On May 18, I posted to Facebook that I had just finished a two week hiatus, and would be spending more time away. It’s now been two months instead of just one, and I’ve come to some conclusions that I’d like to share.
So, why’d you do it?
Facebook is a highlight reel of life. It’s really easy to look at one’s feed and feel like everyone is out there living a wonderful, enchanted life full of fun, parties, babies, and happiness. If that is juxtaposed against someone’s life that may not be so great, it adds for a pretty damn depressing time. I was going through that, and I needed to change it. Admittedly, I’ve had a hard time dealing with the loss of my Grandmother two years ago, and it’s taken a fair amount of time to really deal with that. The absence of her being gone tied combined with seeing other people’s highlight reel just made for a bad combination. As such, I needed to get away.
I think it’s important to point out, though, that highlight reels are just that, and while Sunday morning may be loaded with pictures of a wonderful Saturday night, that’s not reality. Everybody goes through hard times, and many don’t share that on Facebook.

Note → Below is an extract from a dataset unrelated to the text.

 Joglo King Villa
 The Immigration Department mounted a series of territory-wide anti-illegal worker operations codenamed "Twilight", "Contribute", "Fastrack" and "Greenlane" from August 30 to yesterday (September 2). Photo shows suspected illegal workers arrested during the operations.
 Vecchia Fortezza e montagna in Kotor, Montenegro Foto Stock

I know that I am much more open when happy, and close off when I’m not. No one should judge the state of their life against others, as we are all on our own paths, and that goes double for the lives others choose to put on Facebook.
And what did you learn?
Staying completely off Facebook is unrealistic. Too many of the people I want to stay in touch with use Facebook as a communications medium. While abstaining from the website and mobile app, I did install Messenger on my iPhone to respond to a few messages that popped up over the last few weeks. But I found that people were regularly mentioning things on Facebook, and I felt disconnected from people I previously felt connected to. While I tried to augment that feeling with texts or calls, there are some folks that orbit in a ring where I want to know what they’re doing, I want them to know what I’m doing, but we don’t necessarily do the phone thing. Maybe that doesn’t make them “friends” in that sense, but there was a lonely feeling that I want gone.
Great. Now what?
Now I return. I am going to scan through my friends list and prune it down. My goal is to get the list down to those people I felt I missed, and not others. I won’t be playing around with muting people – either they stay or go. I guess I should pre-apologize here, but as of this writing I haven’t started manipulating, so I can’t say who has made the cut.

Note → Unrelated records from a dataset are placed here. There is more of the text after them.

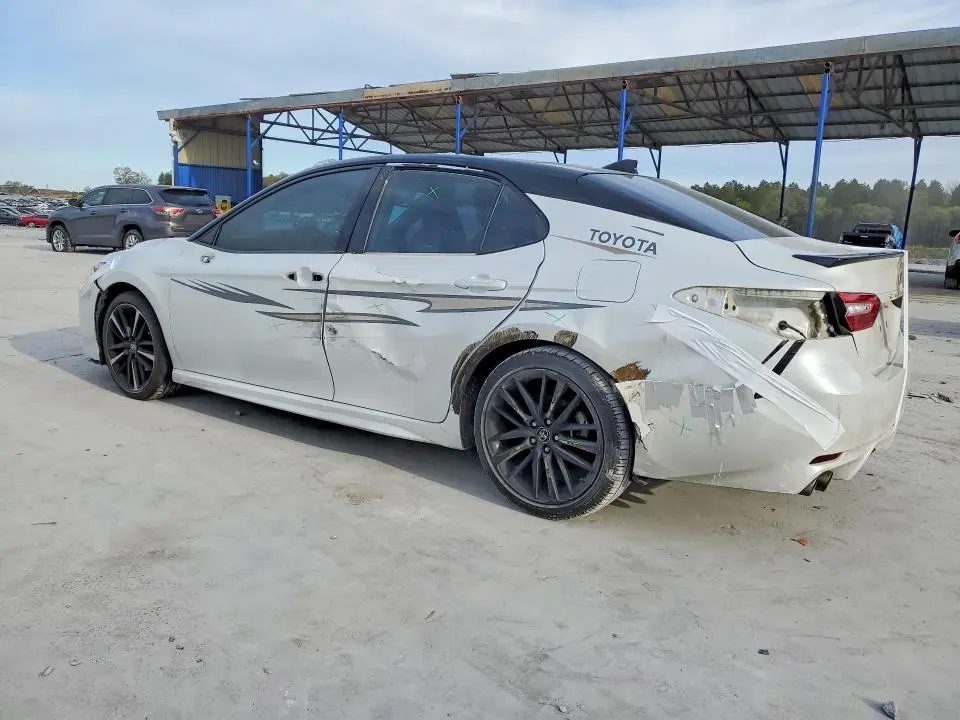 2019 TOYOTA CAMRY XSE  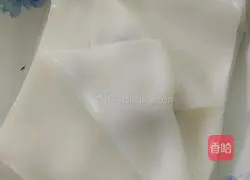 Illustration of how to make Hakka rice noodles wrapped in boards (bundling boards) 8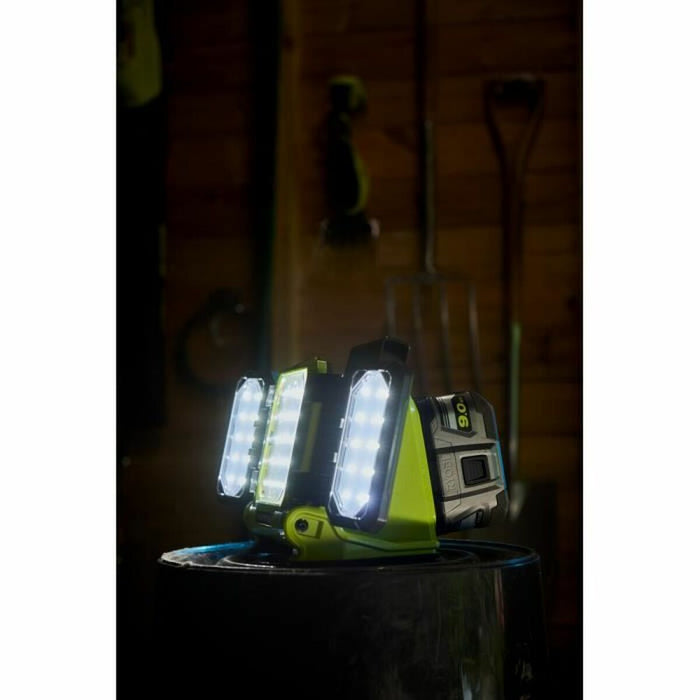 Lanternă LED Ryobi Hybrid 18 V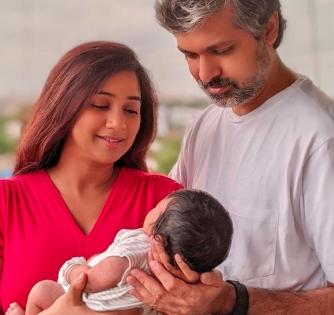 Shreya Ghoshal shares first photo of son Devyaan | Shreya Ghoshal shares first photo of son Devyaan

I am not going to immediately reinstall Facebook on my phone. I will start using the web interface, but I don’t need Facebook available at a moments notice, filling my downtimes with highlight reels. Messenger will stay on the phone, though, as that is still a de facto communication channel these days.
Overall, I will post less. That had been the trend I was on anyway, so it should be easy. I will also do more to share the bad and the good. For me, that will be cathartic, but it also falls in line with the idea of only keeping around the people I actually want to share my life with. And, if it encourages others to do so as well, great. Facebook would be a better, more realistic place if it wasn’t just the good. Like the song goes, you take the good, you take the bad, you take them both and there you have the facts of life.
Sure! I still don’t care for how pervasive Facebook is in the world. I get that they want to be the next AOL, but that’s bad for the Internet. When you use Facebook to log in to other websites, they start to build a persona of you and where you go on the Internet. This often comes with them also getting access to pieces of your data. Individually that’s not terrible, but with the power to coalesce this data, they become large and dangerous. Some people think Facebook is now too big to go away, but they also said that about MySpace, and Pan Am Airlines, and a dozen other major players in a dozen industries. Who knows where the next big movement will come from? The nice thing about the Internet is that it’s the great, big equalizer. Content created from the largest companies can be indistinguishable from that of a teenager in her parents’ basement. This is a double-edged sword, but it’s a powerful one.
Overall, I’m glad I did this. Being a digital worker, I spend most of my life online, and I’m proud of myself for being able to so completely disconnect from something that was such a big part of my life – and had such an unexpected impact on it. Like the saying goes, everything in moderation. I’ve now swung to both sides of Facebook, and will find a place in the middle that suits me.
Until the next thing comes along, anyway.